● **Task brief**: Wherever a picture appears in the listing below, leave it out and reproduce the rest exactly.

━━ Supplied material ━━

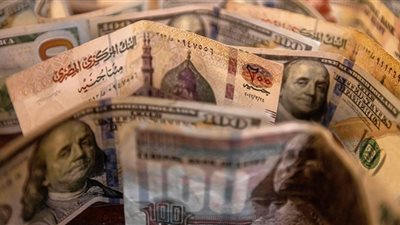 ارتفاعات جديدة بأسعار الدولار.. وحلول البنك المركزي للقضاء على السوق السوداء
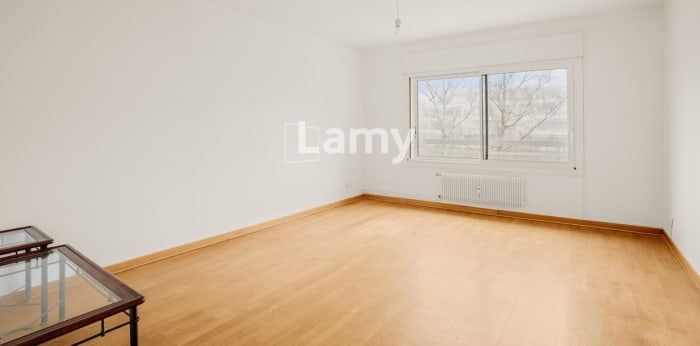 Image 5 sur 9 - Appartement  ·  Vente · Ste Foy Les Lyon (69110) · 3 pièces · 82m²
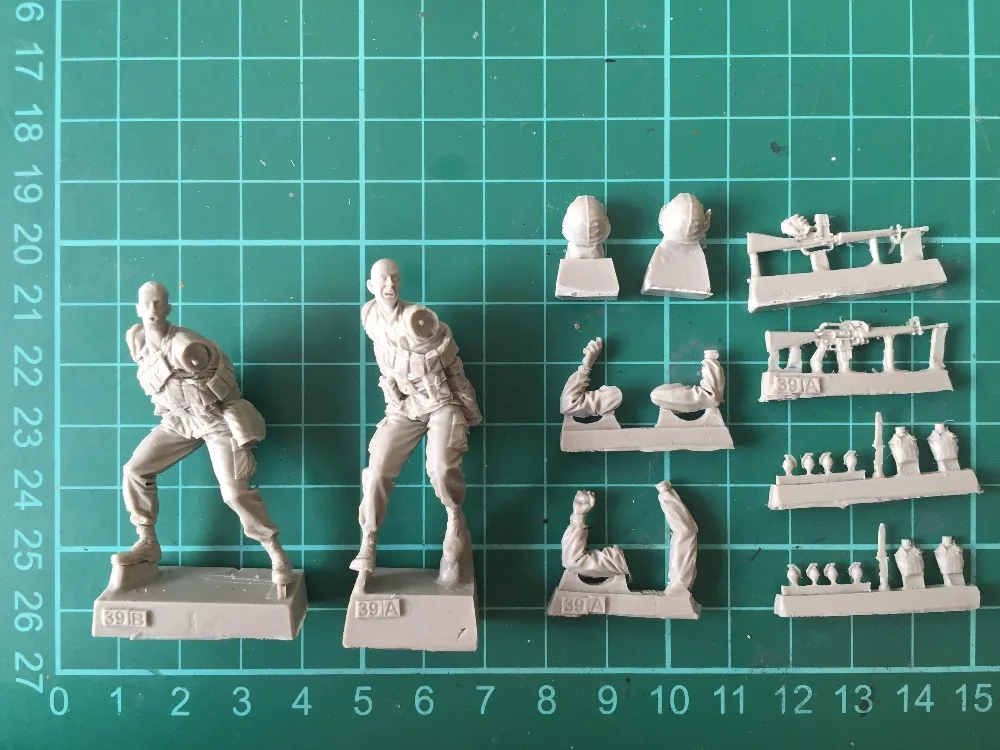 1/35 шкала Неокрашенная полимерная фигура война Вьетнама США пожар в отверстии|resin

━━━

● **Result below**:
 ارتفاعات جديدة بأسعار الدولار.. وحلول البنك المركزي للقضاء على السوق السوداء
 Image 5 sur 9 - Appartement  ·  Vente · Ste Foy Les Lyon (69110) · 3 pièces · 82m²
 1/35 шкала Неокрашенная полимерная фигура война Вьетнама США пожар в отверстии|resin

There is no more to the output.